国土交通省国土地理院の令和2年度測量・地図の感謝状贈呈者に当コースが選ばれました

このたび,国土交通省国土地理院長より令和2年度測量・地図の感謝状を,広島大学教育学部社会系コース地理学研究室(代表者 熊原康博准教授)に対して頂けることになりました。この感謝状は,測量・地図に関する普及・啓発に顕著な功績のあった個人又は団体に対して贈られるもので,当コースへの授与理由は,過去の災害を伝える広島県内の水害碑の調査を先駆的に行っていたこと,令和元年に新たな地図記号として定められた「自然災害伝承碑」の公開において学術的な貢献をしたことに対するものです。

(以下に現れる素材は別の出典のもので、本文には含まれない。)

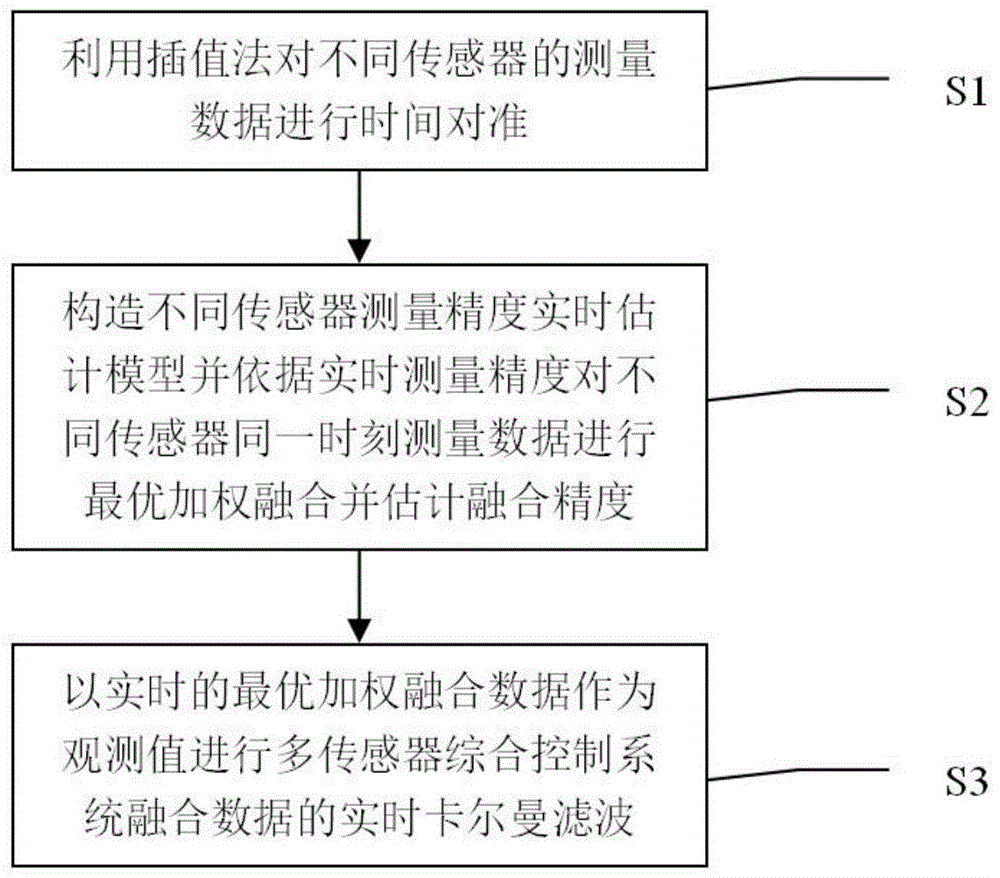 一種多傳感器綜合控制系統數據融合方法與流程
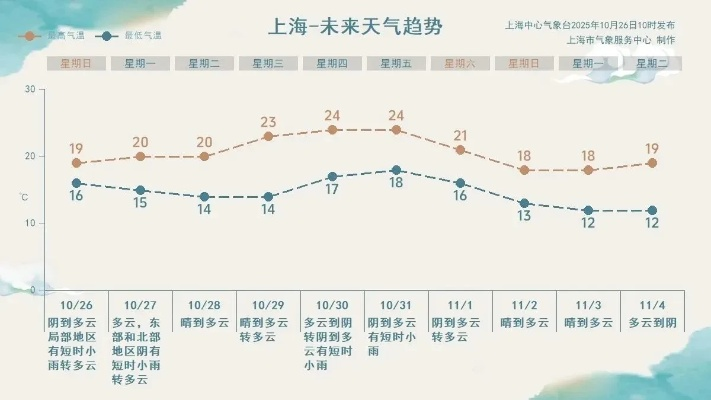 上海40天天气预报,一场与未知的温柔博弈 上海40天天气预报,一场与未知的温柔博弈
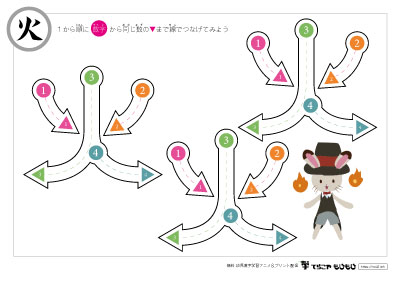点つなぎで「火」の書き順を覚えよう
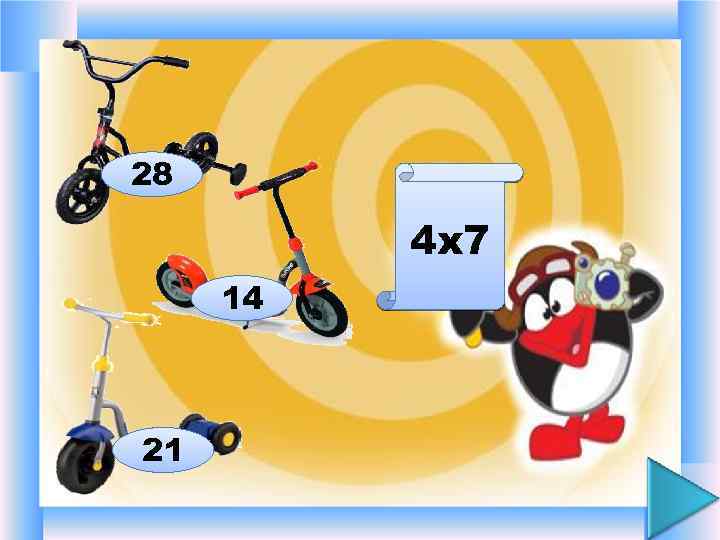 28 4 x 7 14 21 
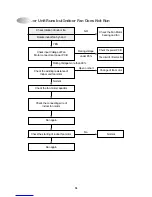 Предварительный просмотр 51 страницы Daewoo DMB-1822LH User Manual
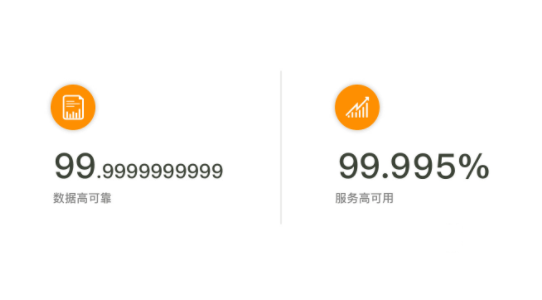 对象存储OSS产品的优势和有哪些功能
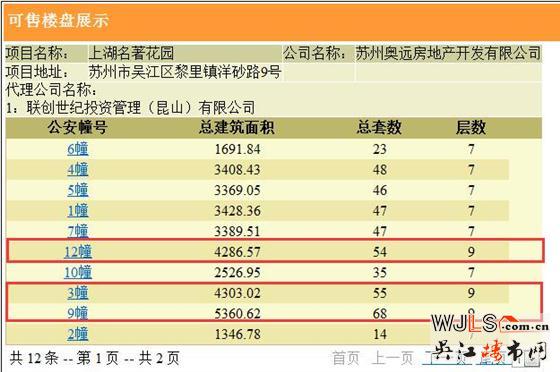 上湖名著新領(lǐng)預售證 備案價18925-24825.01元/平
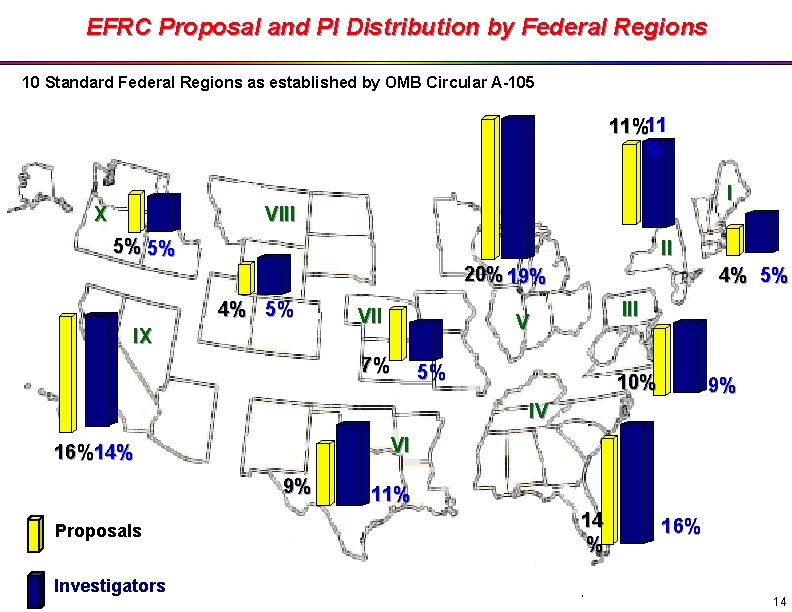 EFRC Proposal and PI Distribution by Federal Regions 10 Standard Federal Regions as established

水害碑の調査結果は,下記の3本の論文にまとめております。研究のきっかけは,著者の一人小山耕平さん(現広島市立舟入高校教員)の卒業論文研究で,私熊原が指導教員でした。水害碑の中には明治期の石碑もあり,碑文がすべて漢文で意味がわかりにくいことから,日本史専攻の藤本理志さん(現呉市海事歴史科学館職員)や弘胤 佑さん(現広島城北中・高等学校教員)をはじめ,下向井龍彦広島大学名誉教授の助力を得て現代語に訳しました。また現地調査では,岩佐佳哉さん(日本学術振興会特別研究員,博士課程後期大学院生)だけでなく社会系コースの学生や大学院生にも同行してもらい調査を行いました。それらの成果をもとに,水害碑の立地と災害発生場所との関係を空間的に分析したり,文体・内容などの歴史的変遷の特徴を明らかにしました。

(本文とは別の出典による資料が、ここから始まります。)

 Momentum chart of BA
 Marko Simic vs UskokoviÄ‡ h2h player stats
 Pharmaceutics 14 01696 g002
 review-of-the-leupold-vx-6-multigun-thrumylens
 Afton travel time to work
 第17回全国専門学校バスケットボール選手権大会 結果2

国土地理院のHPはこちら https://www.gsi.go.jp/kohokocho/kohokocho65026.html

【表彰の理由】広島大学教育学部社会系コース地理学研究室は、過去の災害の記録を伝える石碑などを示す地図 記号「自然災害伝承碑」誕生のきっかけとなった広島県坂町小屋浦地区の「水害碑」を含む広島県 内の石碑について、その重要性にいち早く着目し県内 50 基の属性(建立年,碑の縦横比,使用している文字,碑文の内容,文字数)を調査し論文にまとめていた。

その資料は、令和元年に新たな地図記号として定められた「自然災害伝承碑」(令和元年6月 19 日から地理院地図で自然災害伝承碑の情報掲載)の公開において多大な貢献をした。

表彰の対象となった論文(論文書誌情報の末尾のURLから論文のPDFファイルを入手できます)

藤本理志・小山耕平・熊原康博: 広島県内における水害碑の碑文資料. 広島大学総合博物館研究報告, 8号: pp.91-113, 2016.

http://doi.org/10.15027/43829

小山耕平・熊原康博・藤本理志: 広島県内の洪水・土砂災害に関する石碑の特徴と防災上の意義. 地理科学, 72巻: pp.1-18, 2017.

https://doi.org/10.20630/chirikagaku.72.1_1

熊原康博・弘胤 佑・小山耕平・岩佐佳哉: 広島県内の水害碑に関する追加資料と歴史的変遷. 広島大学総合博物館研究報告, 9号: pp.81−94, 2017.